Work item>
Here are records with pictures in them. Copy all of them exactly and leave the pictures out.

== Segment start ==

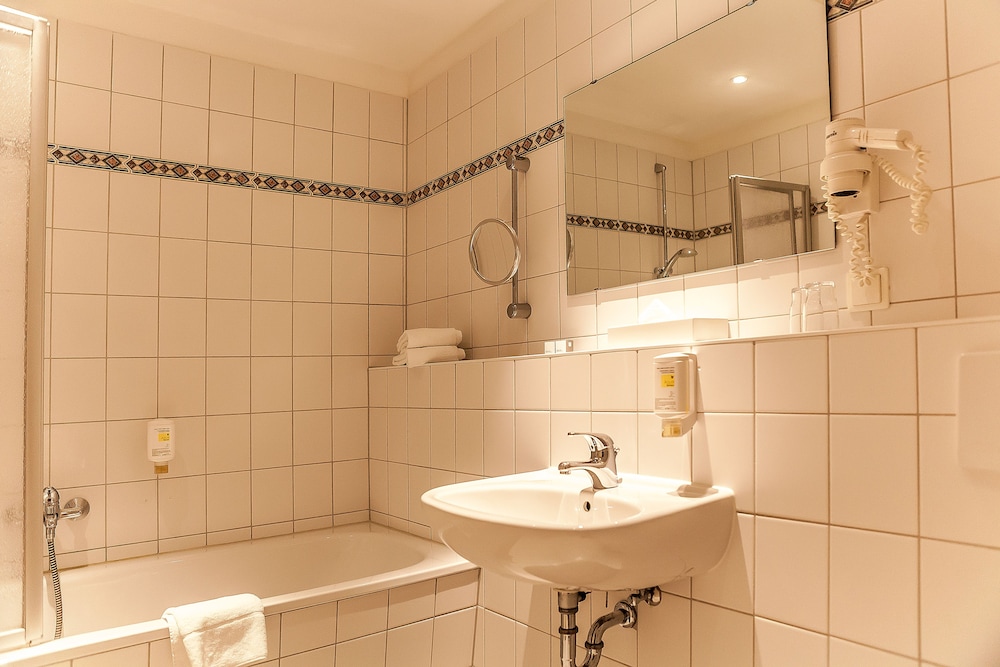 Hotel Niedersaechsischer Hof 15/75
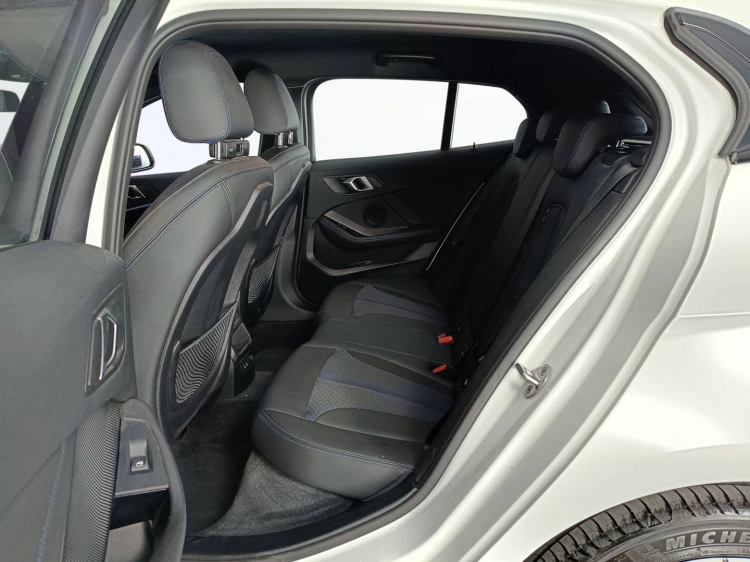 9 - BMW Serie 1 116d Msport auto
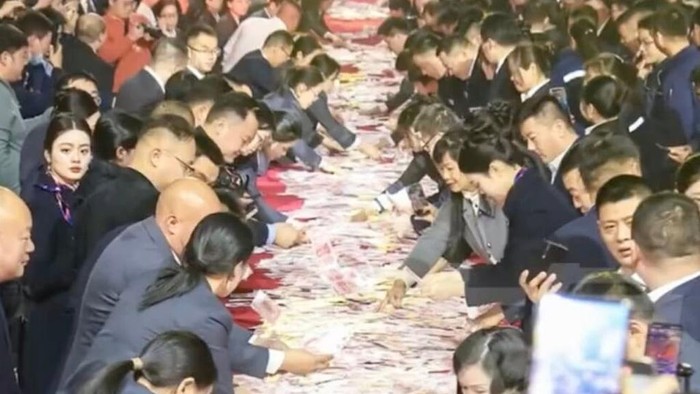 Bagi-bagi bonus Henan Kuangshan Crane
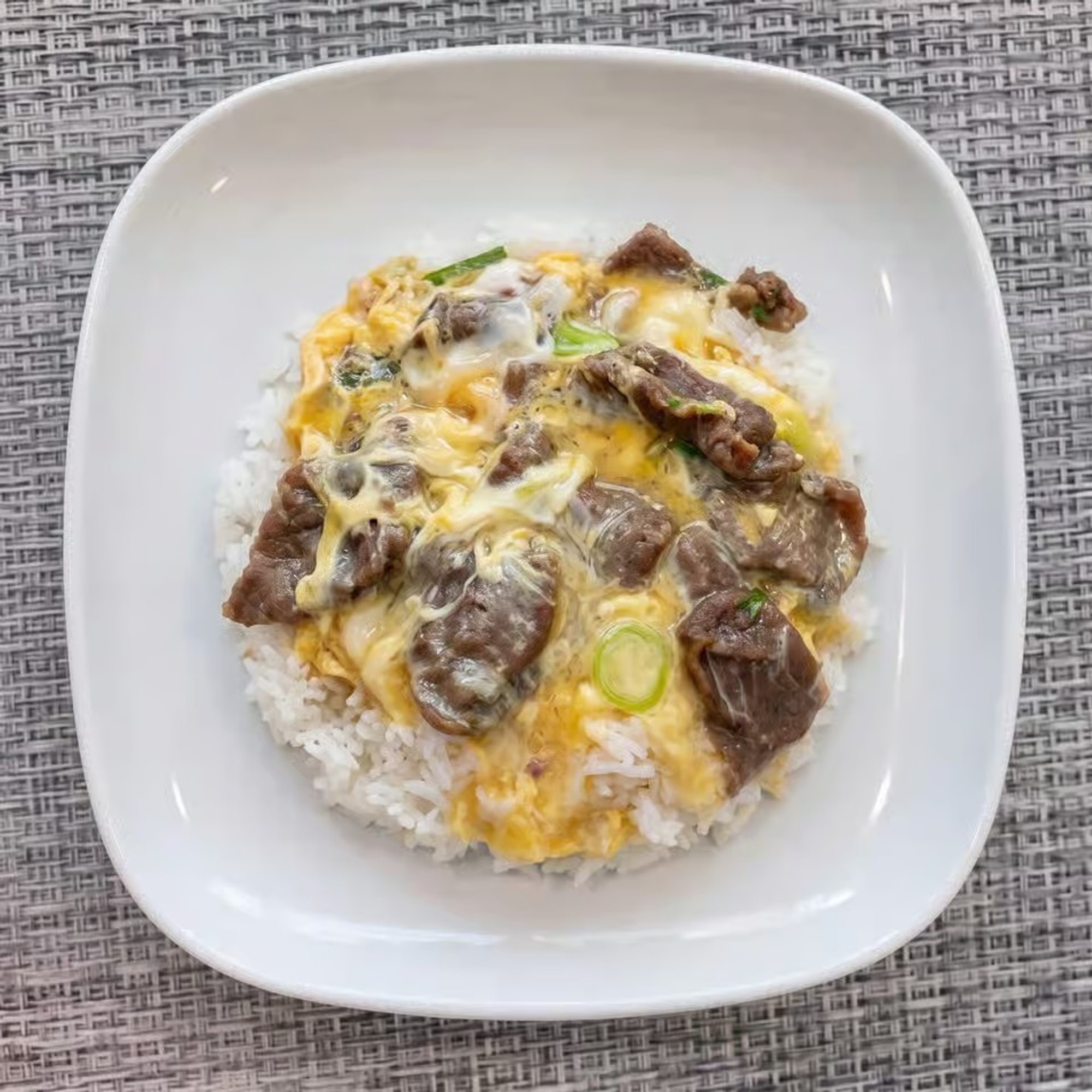 Beef with Egg on Rice / 滑蛋牛燴飯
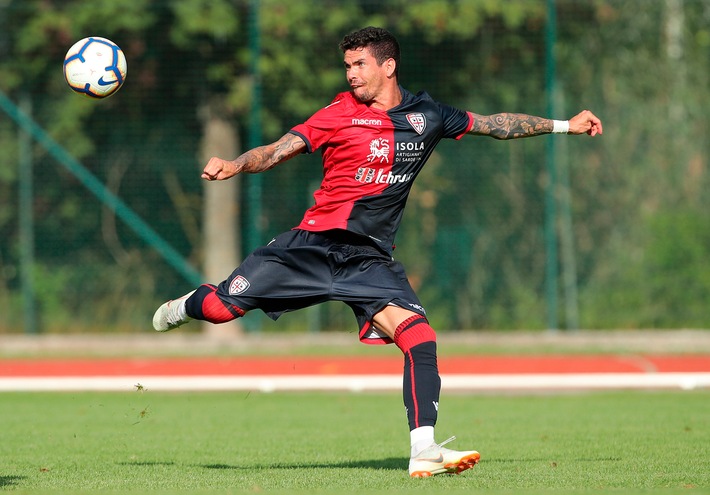 Calciomercato Cagliari, ufficiale: Farias rinnova fino al 2021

== Segment end ==

Task result>
 Hotel Niedersaechsischer Hof 15/75
 9 - BMW Serie 1 116d Msport auto
 Bagi-bagi bonus Henan Kuangshan Crane
 Beef with Egg on Rice / 滑蛋牛燴飯
 Calciomercato Cagliari, ufficiale: Farias rinnova fino al 2021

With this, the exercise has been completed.